List<Number> numbers = new ArrayList<Integer>(); // Fails
No, it fails. Why? Because generics in Java are invariant, that means for any two different types T1 and T2 neither List<T1> is a subtype of List<T2> nor List<T2> is a subtype of List<T1>
regardless of relations between T1 and T2. Ok, this formally explains why the above assignment is invalid, but what is the logic behind this?
The List<Number> should be able to hold any number, that means that if we have a declaration
List<Number> numbers;
then we should be able to do number.add(Integer(42)), number.add(Double(Math.PI)) and any other number.add(subClassOfNumber). However, if the above assignment
List<Number> numbers = new ArrayList<Integer>(); // ?
would be valid, then numbers would now hold the list, which is only capable of storing Integers, so numbers.add(anyNumberButInteger) would have failed, which violates the contract of List<Number>.
It is possible to create a list, which will hold instances of some subclass of Number:
List<? extends Number> list = Arrays.asList(5, 6, 7, 8); // Ok
You can read this list without a problem:
System.out.println(list.get(2)); // 7
However you can't put anything there except null, because it's not possible to know the exact type of list elements at compile time and thus is not possible to make the check for safety:
List<? extends Number> list = ThreadLocalRandom.current().nextBoolean() ?
new ArrayList<Integer>() :
new ArrayList<Double>();
list.add(null); // Ok
list.add(Double.valueOf(3.1415)); // Fails, because we don't know if Double(3.1415) is actually compatible with elements of the list
Well, now to your example:
List<List<?>> listOfLists = new ArrayList<List<String>>();
In order this assignment to work you actually need to have on the left side a List<? extends List<String>>, but since Java generic is invariant, the only type which extends List<String> is List<String> itself, so the only valid combination is
List<List<String>> listOfListsOfStrings = new ArrayList<List<String>>();
It is possible to create a variable which represent a list, which is composed of some lists by using raw types:
List<? extends List> listOfLists = new ArrayList<List<String>>(); // Compiles, but loses generics. DON'T DO THIS!

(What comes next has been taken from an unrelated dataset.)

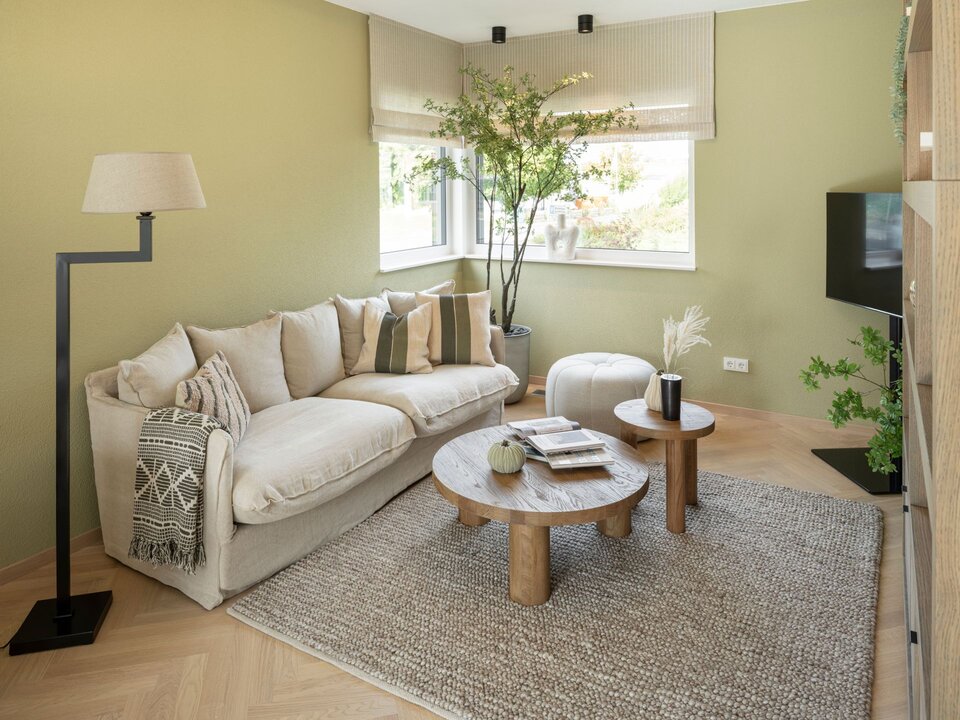 Gemütliches Wohnzimmer im Musterhaus JUNO 300 in Mülheim-Kärlich mit naturfarbenem Sofa, runden Holztischen und grünen Wänden.
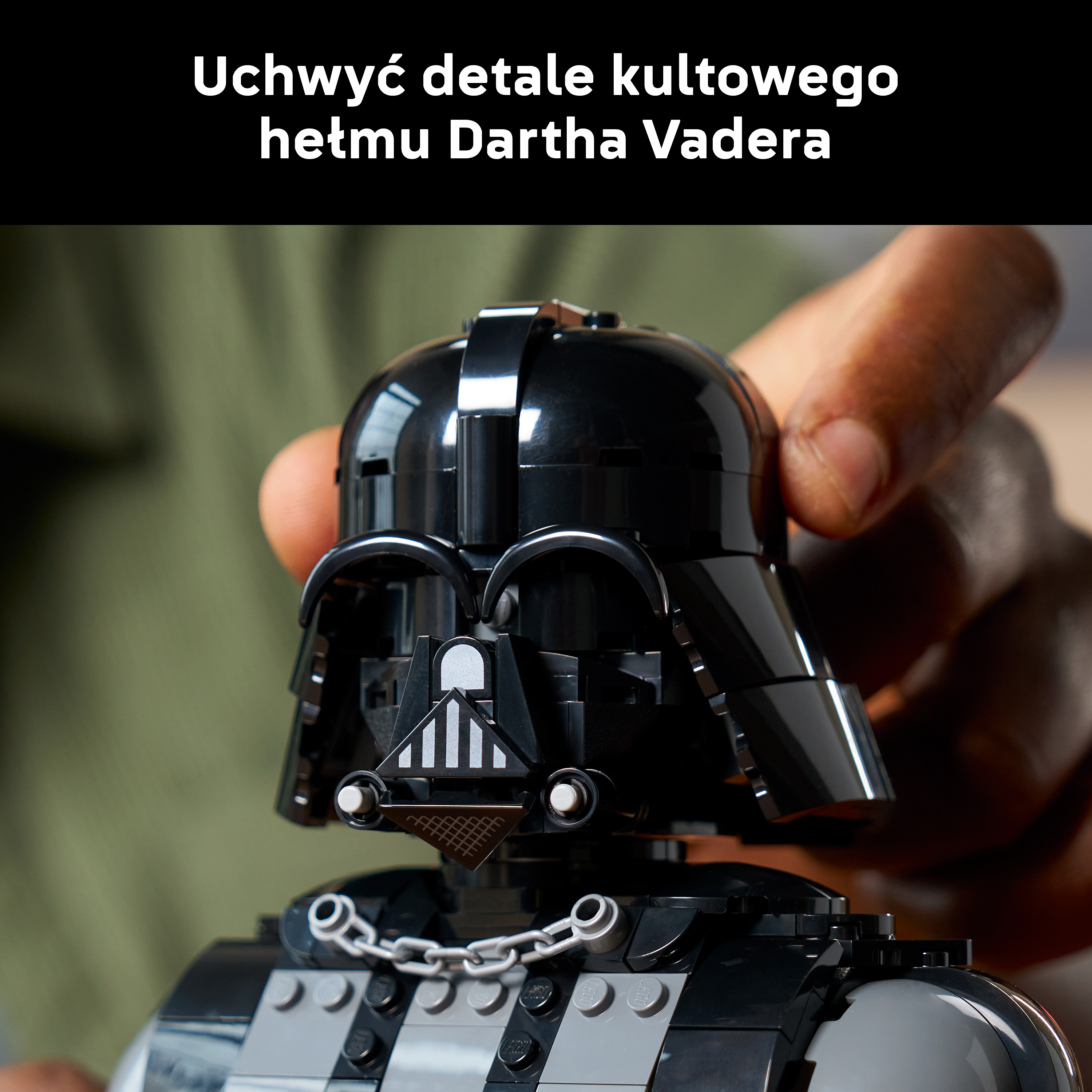 Model kasku Dartha Vadera z Lego, trzymany przez rękę.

List<String> listOfStrings = listOfLists.get(0); // Compiles, even would work as expected assuming we populated listOfLists correctly
List<Integer> listOfIntegers = listOfLists.get(0); // Compiles, but does not work as expected (fail at runtime when accessing elements)
TLDR: the only generic class which is super/extends List<String> is List<String>, so List<some class which extends List<String>> automatically means List<List<String>>.